[Scraped caption text data]
_ _ _ _

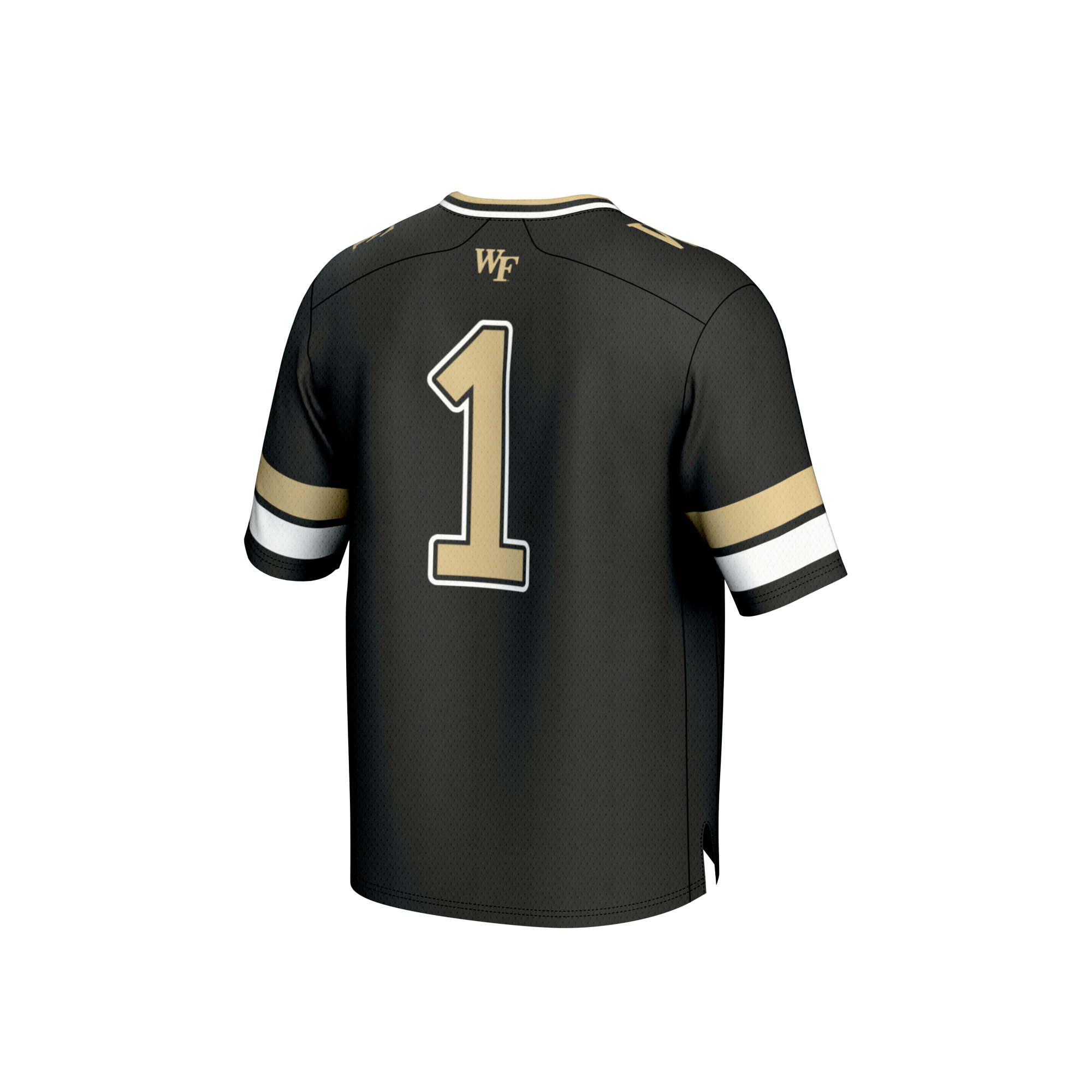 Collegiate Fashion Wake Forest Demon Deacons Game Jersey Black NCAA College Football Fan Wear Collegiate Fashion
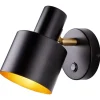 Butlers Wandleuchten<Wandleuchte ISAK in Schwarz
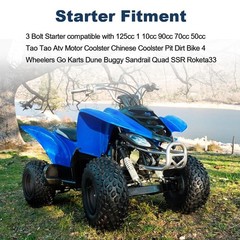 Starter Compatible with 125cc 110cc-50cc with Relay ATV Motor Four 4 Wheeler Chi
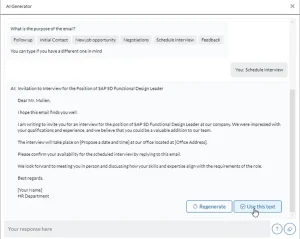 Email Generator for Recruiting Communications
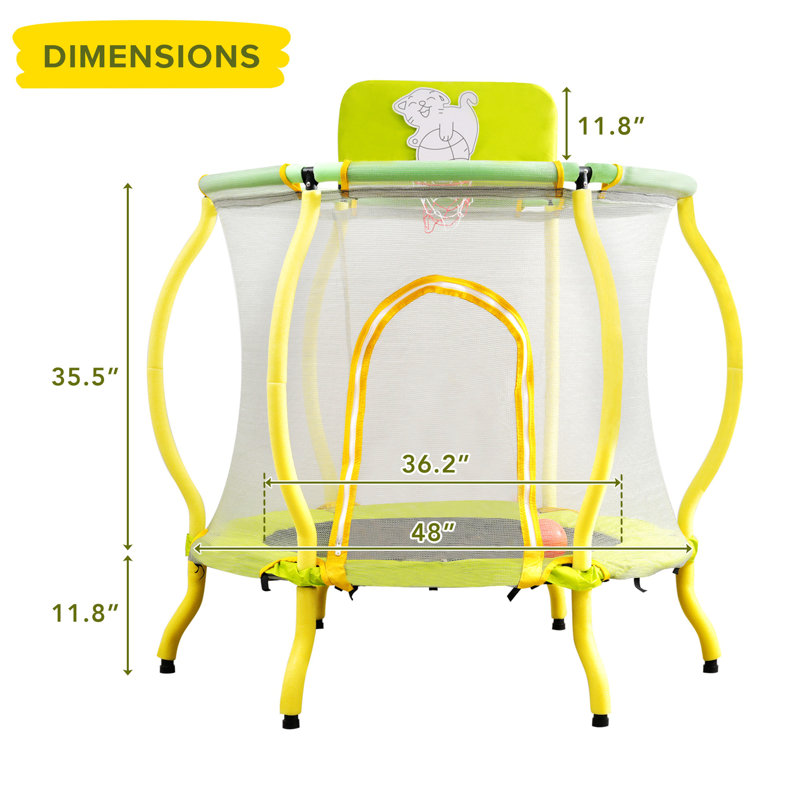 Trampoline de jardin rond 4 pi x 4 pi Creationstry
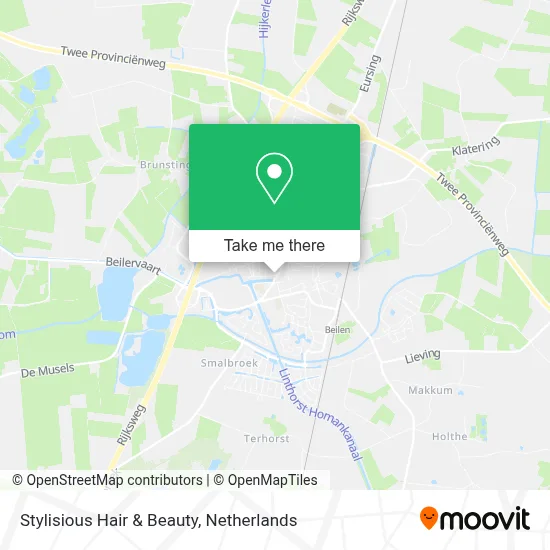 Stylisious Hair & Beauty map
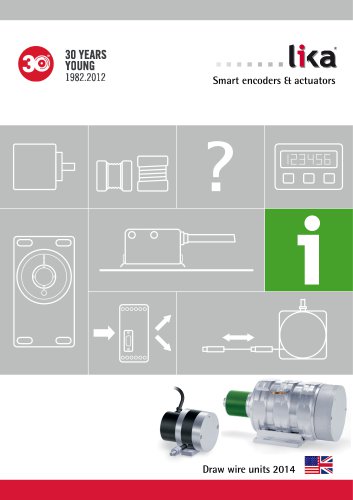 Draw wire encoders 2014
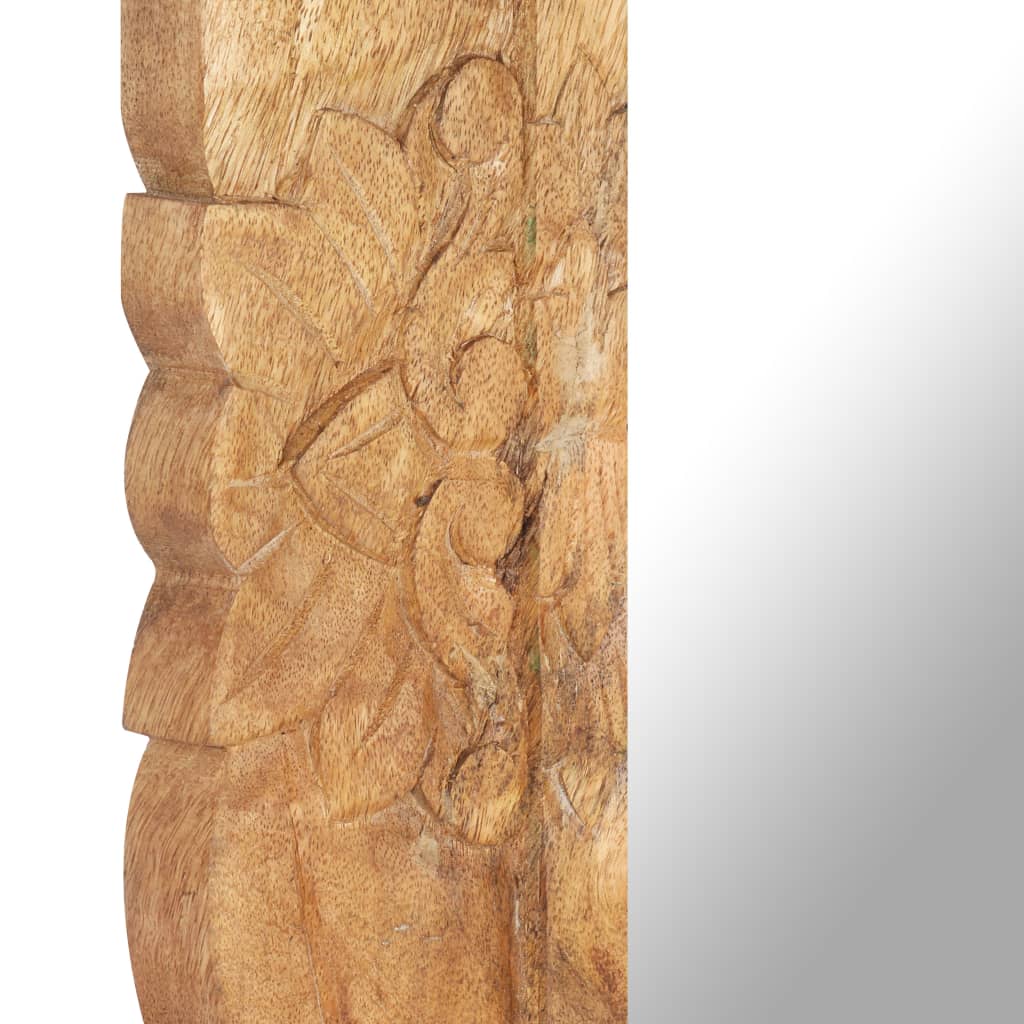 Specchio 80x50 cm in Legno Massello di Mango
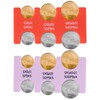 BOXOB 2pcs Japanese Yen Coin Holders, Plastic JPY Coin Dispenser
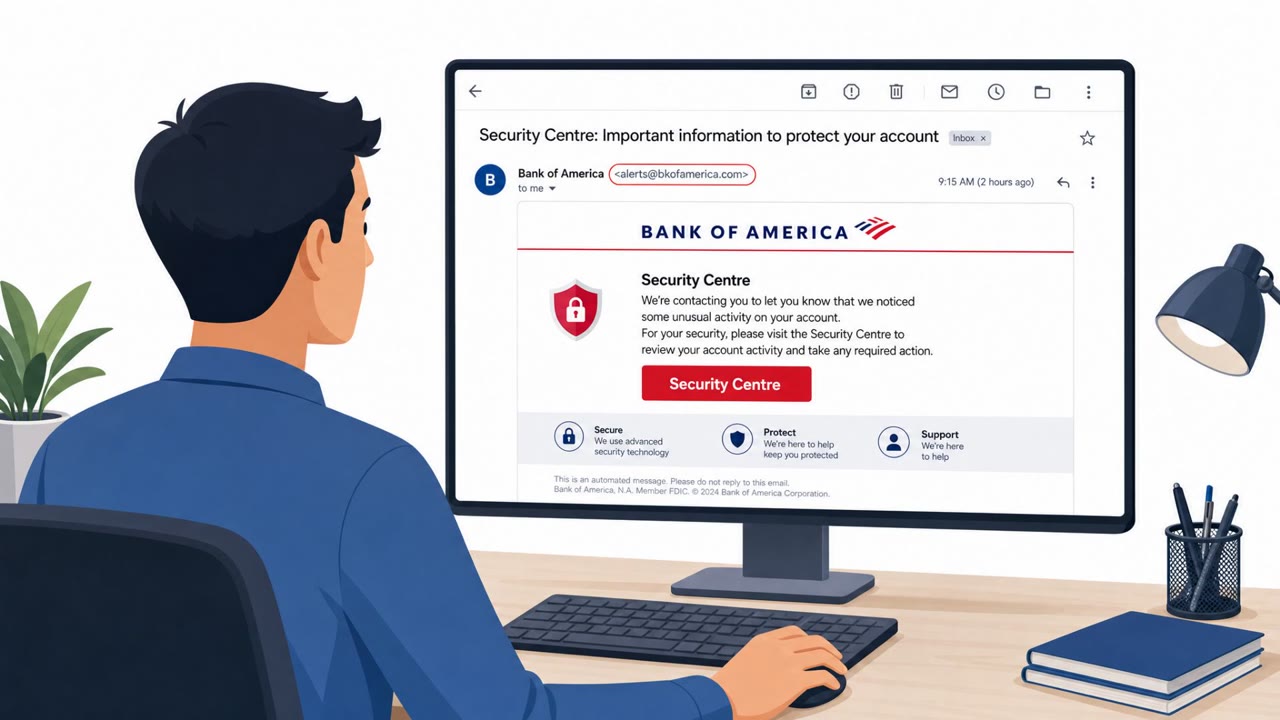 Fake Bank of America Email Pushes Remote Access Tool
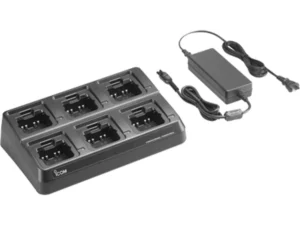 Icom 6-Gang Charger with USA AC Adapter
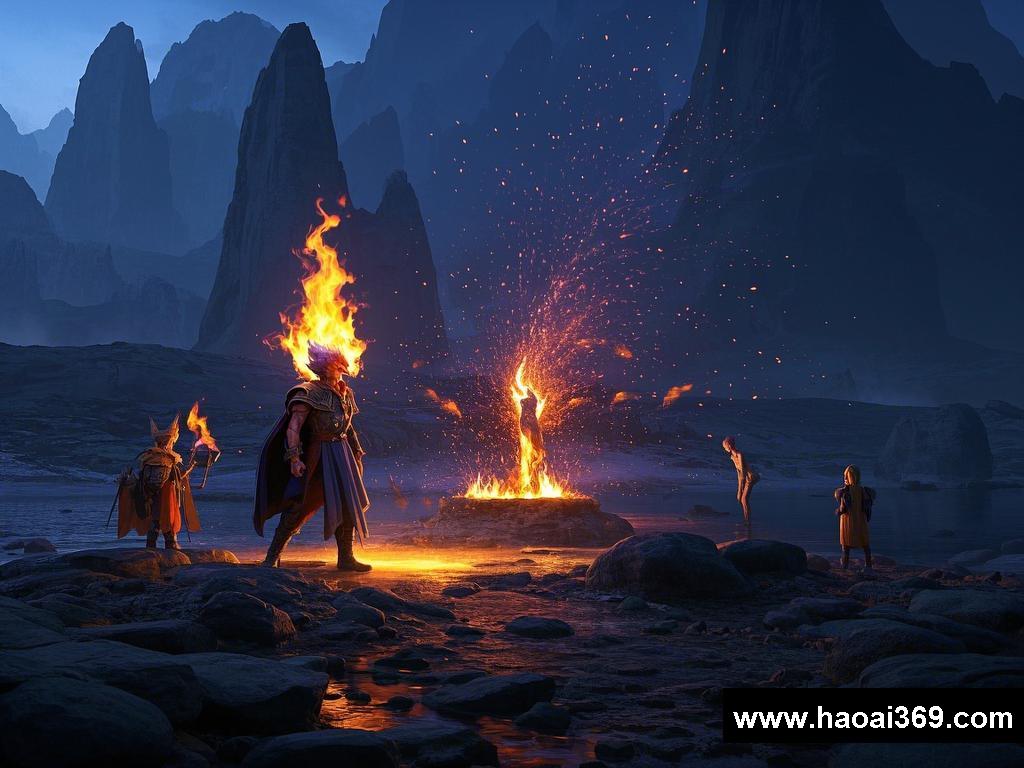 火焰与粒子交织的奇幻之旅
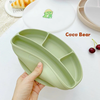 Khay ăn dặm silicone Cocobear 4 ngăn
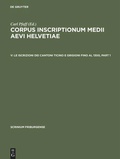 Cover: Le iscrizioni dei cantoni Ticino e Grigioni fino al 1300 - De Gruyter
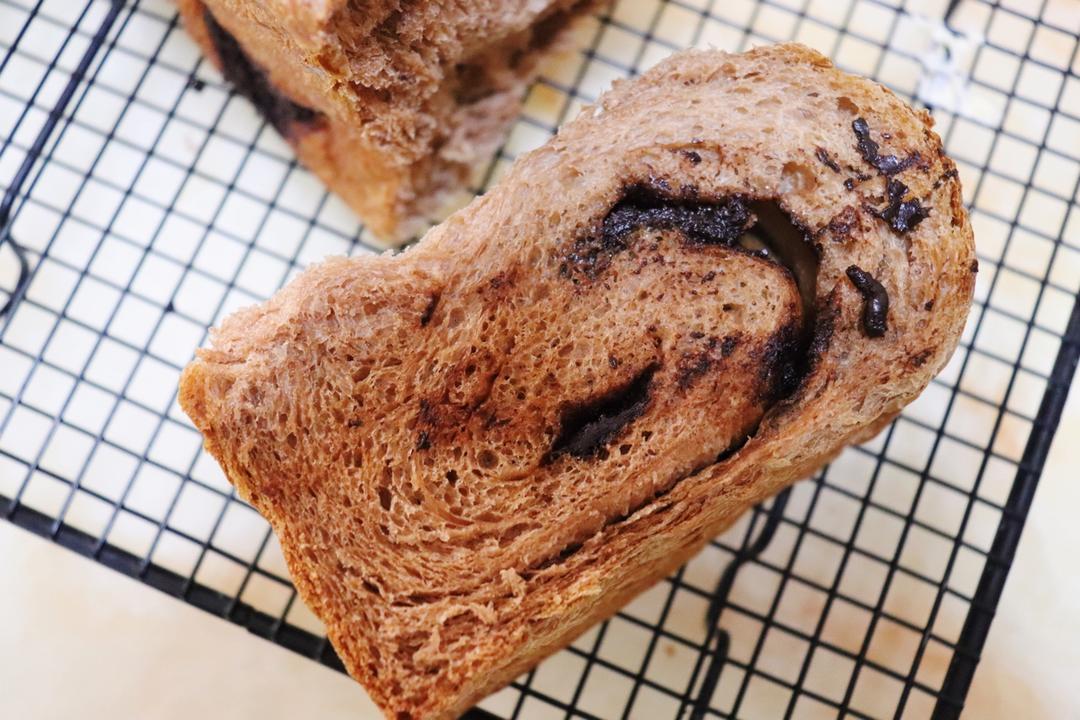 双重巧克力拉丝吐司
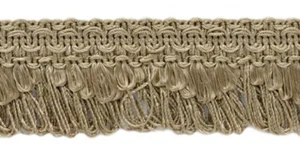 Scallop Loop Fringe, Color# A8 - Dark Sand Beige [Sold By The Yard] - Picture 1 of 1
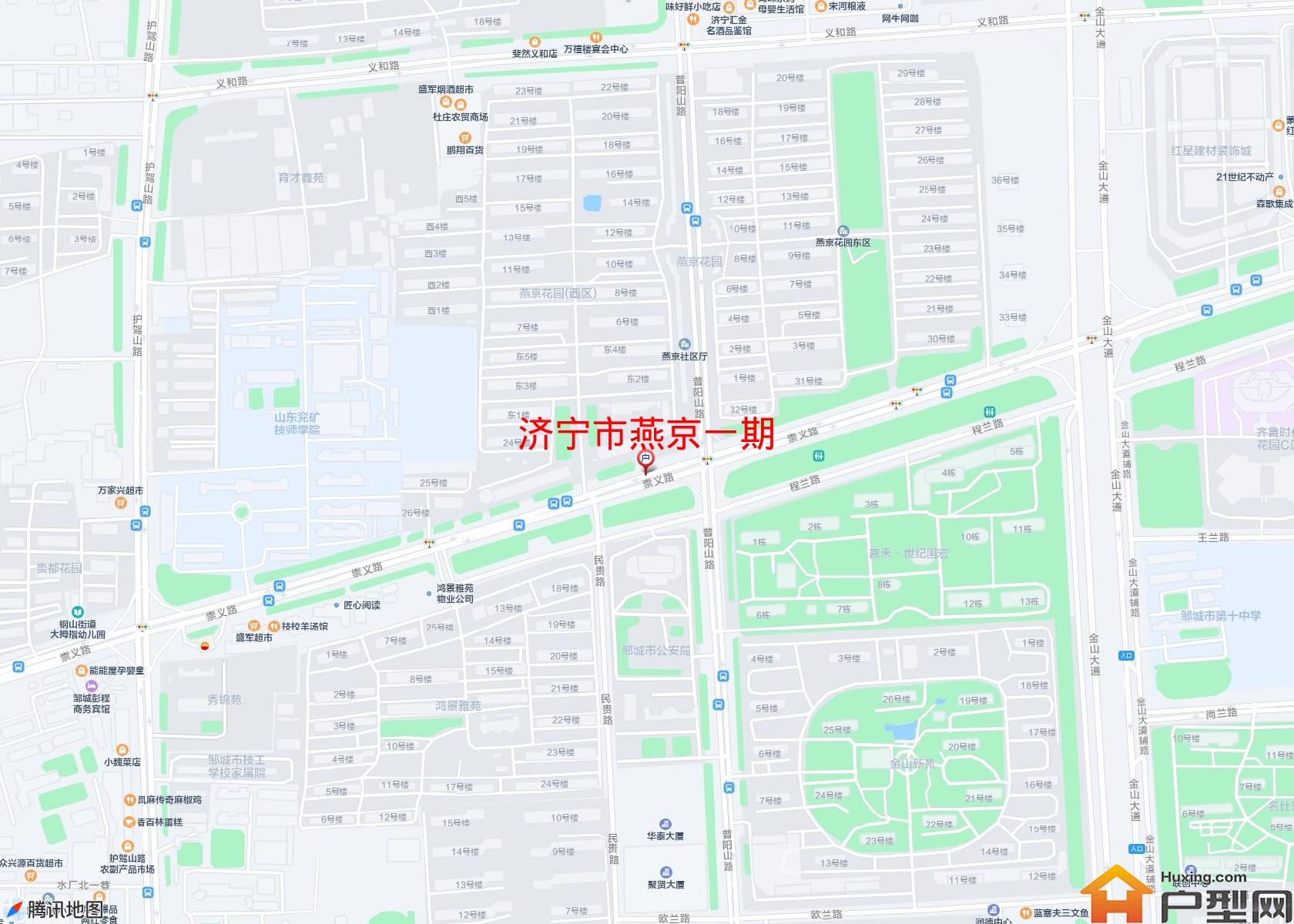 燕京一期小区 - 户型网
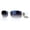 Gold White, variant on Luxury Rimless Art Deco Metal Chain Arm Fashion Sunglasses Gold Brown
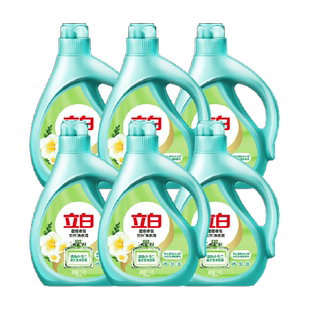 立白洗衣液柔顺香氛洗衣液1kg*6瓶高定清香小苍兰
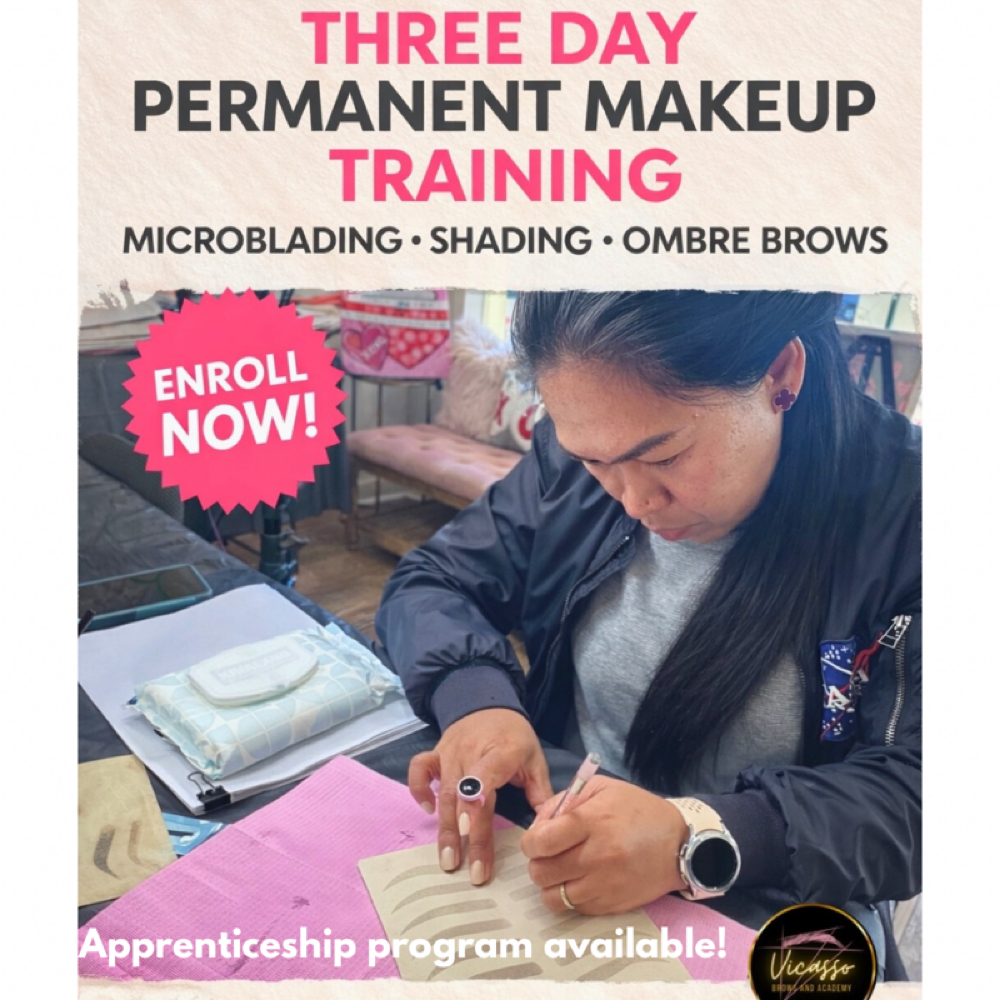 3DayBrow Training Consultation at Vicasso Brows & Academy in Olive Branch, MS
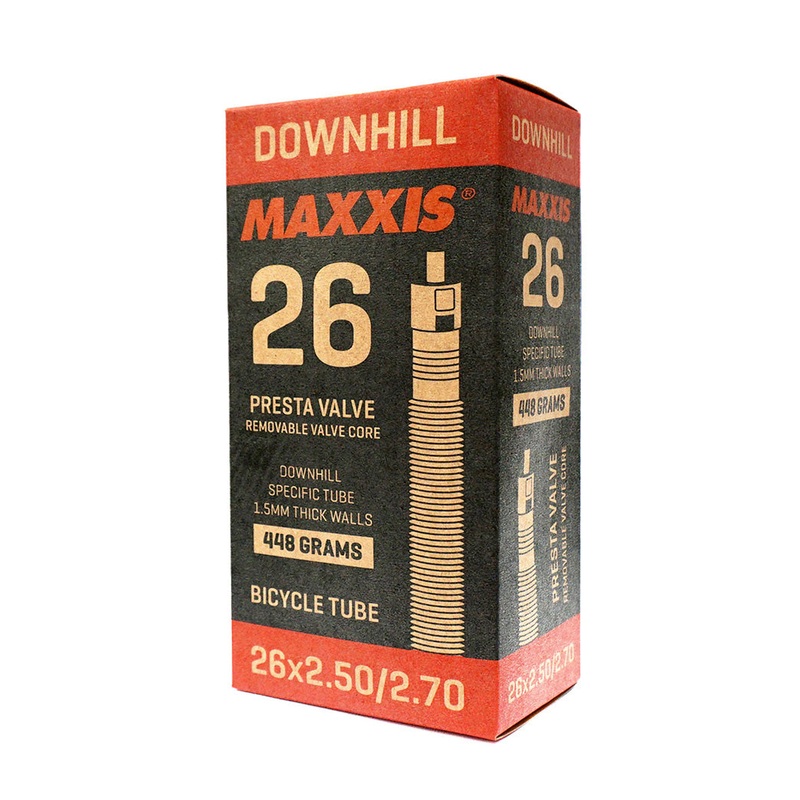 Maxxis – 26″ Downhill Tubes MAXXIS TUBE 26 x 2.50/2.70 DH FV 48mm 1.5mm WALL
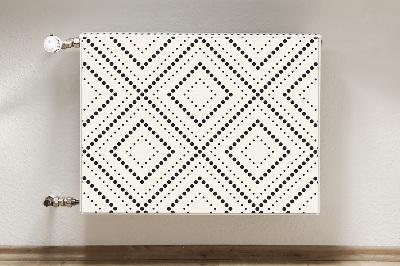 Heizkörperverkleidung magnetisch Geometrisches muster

_ _ _ _

In the answer, include exactly the lines from the top of the entries through the line containing "Specchio 80x50 cm in Legno Massello di Mango", and nothing else, not even the pictures.

__The completed task__.
 Collegiate Fashion Wake Forest Demon Deacons Game Jersey Black NCAA College Football Fan Wear Collegiate Fashion
 Butlers Wandleuchten<Wandleuchte ISAK in Schwarz
 Starter Compatible with 125cc 110cc-50cc with Relay ATV Motor Four 4 Wheeler Chi
 Email Generator for Recruiting Communications
 Trampoline de jardin rond 4 pi x 4 pi Creationstry
 Stylisious Hair & Beauty map
 Draw wire encoders 2014
 Specchio 80x50 cm in Legno Massello di Mango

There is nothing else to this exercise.